Clive Sinclair

b. 1948 – d. 2018

Clive Sinclair was elected as a Fellow of the Royal Society of Literature in 1983.

He is remembered as an award-winning novelist and short story writer.


Clive Sinclair remembered – by Anthony Rudolf

Distinguished and significant diaspora Jewish writer

Clive Sinclair was one of the master short-story writers of our time, as we are reminded by his knockout posthumous collection, Shylock Must Die. The stories were written over the last few years – the later ones on the cutting edge, in the full knowledge that he himself must die soon, having been seriously ill for some time. He bore the combo transplanted kidney/prostate condition with stoical melancholy and lugubrious humour, communicating in the mordant way he made his own, while leading a quiet life with his gentle and gifted painter partner, Haidee Becker, whom he met after the death of his wife, Fran. He saw his equally gentle and gifted film-writer son, Seth, resident in la, as often as possible, both here and there. He converted his dog Lobusz to Judaism without circumcision.

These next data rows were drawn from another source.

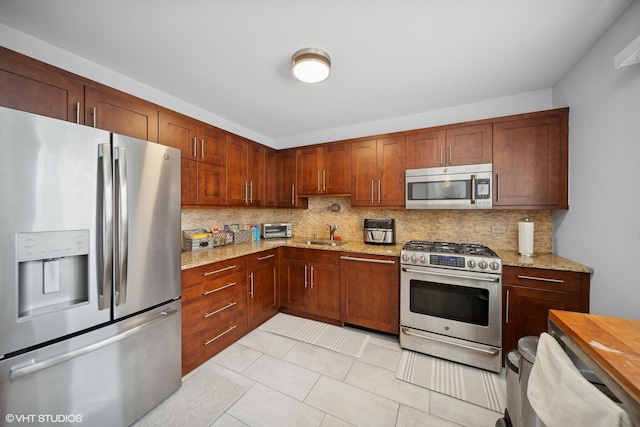 kitchen featuring light stone countertops, decorative backsplash, appliances with stainless steel finishes, and sink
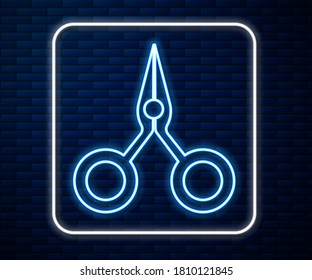 Glowing neon line Scissors icon isolated on brick wall background. Cutting tool sign.  Vector Illustration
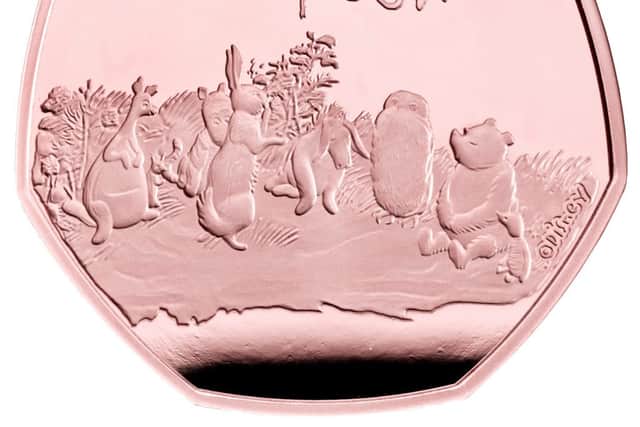 A new gold 50p collectable coin featuring Winnie-the-Pooh and Piglet, Owl, Eeyore, Rabbit, Tigger, Kanga and Roo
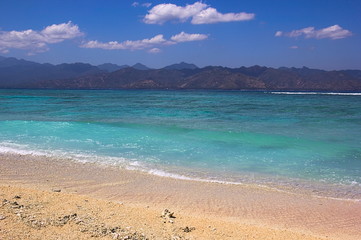 Fototapeta na wymiar Beautiful view from Gili Islands over turquoise ocean to Lombok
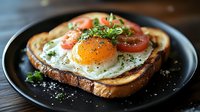 Sunny side up egg on toasted bread garnished with fresh tomato slices, herbs and black pepper served on dark plate against wooden background. Great for breakfast menu.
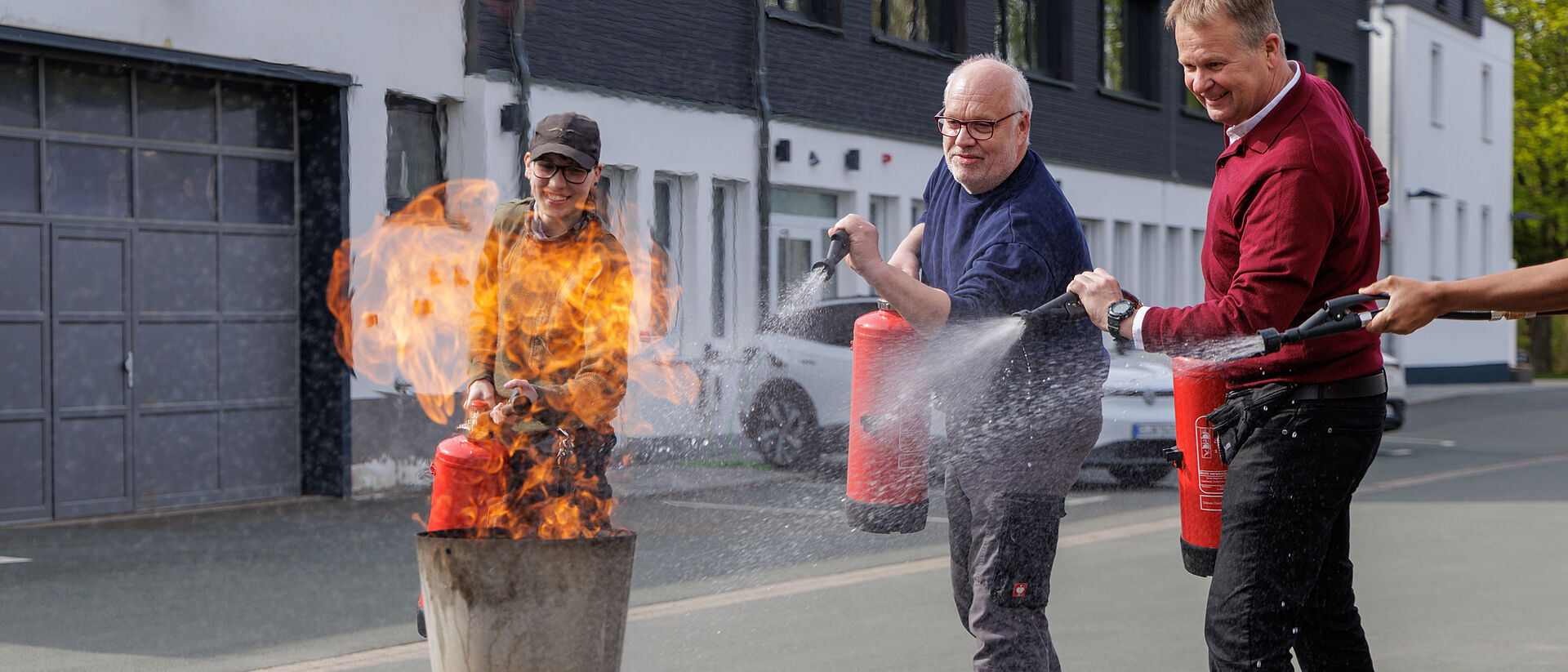Brandschutzhelfer Kurs DRK Mittelhessen Feuerlöschtraining Mehrere Teilnehmer löschen gemeinsam ein Feuer mit Feuerlöschern bei Übung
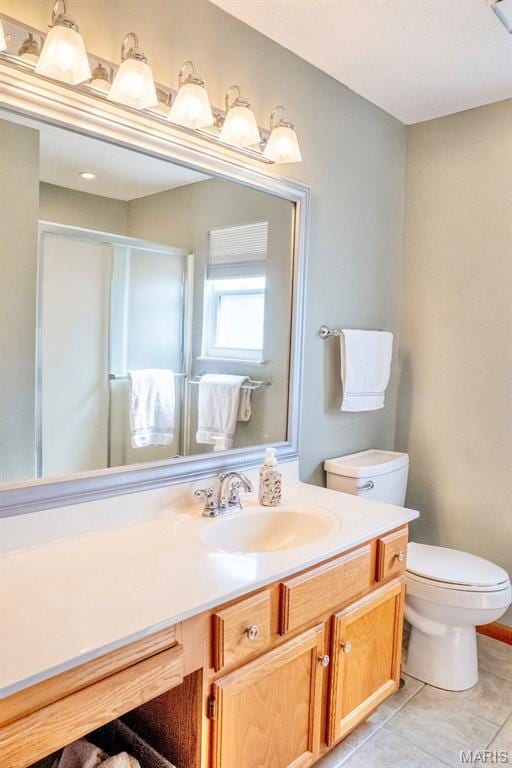 Full bathroom with vanity, a stall shower, and light tile patterned flooring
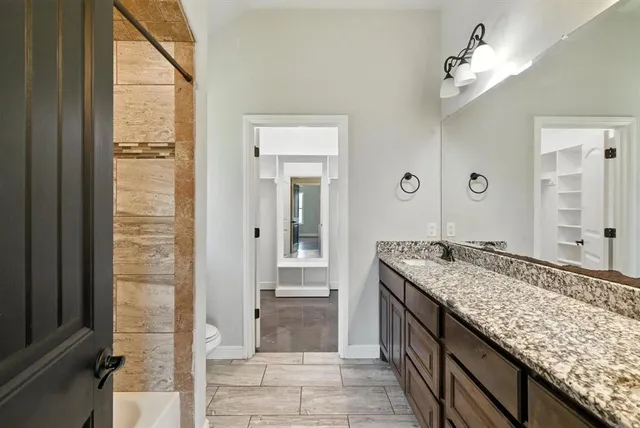 a bathroom with a granite countertop sink and a mirror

Hendon-born Clive was a natural and cultivated Londoner who travelled regularly to the us, Italy and, especially, Israel, where he would meet his friends, the artist Yosl Bergner and writers such as David Grossman, and return to London at once elated and downcast. He wrote about the country’s underrated complexities brilliantly in Diaspora Blues and targets Netanyahu (‘Bobo’) in Shylock Must Die with ferocity. Clive, unillusioned about Israel but not entirely disillusioned, was a distinguished and significant diaspora Jewish writer (indeed a distinguished and significant writer tout court), profoundly respecting and admiring three Roths, Joseph, Henry and Philip, two Isaacs, Babel and Singer (he wrote a book on the latter), and one Kafka, whose Hebrew teacher he made sure he met, just as I met Kafka’s school friend Shmuel Bergman. Kitaj the painter, too, was in the frame.

Clive and I maintained a dialogue for 40 years, reading each other’s work, attending the same funerals (most recently his own) and, consciously and unconsciously, participating in a vanished, indeed non-existent, world: Ashkenazia, his Jewish diaspora homeland. Once I was at Bushey Jewish cemetery looking for Alma Cogan’s grave and getting lost, not without sad pleasure. I happened upon Clive’s parents’ grave (a few yards from that of my own parents) and called him. Sure enough he directed me to Alma’s, close by, with its story ripe for deconstruction.

Clive also had an inner cowboy who led him to writing fiction about the Wild West, but it is the non-cowboy stories and novellas which hold this reader in thrall. Start with the Chekhovian ‘The Lady with the Laptop’ and go from there.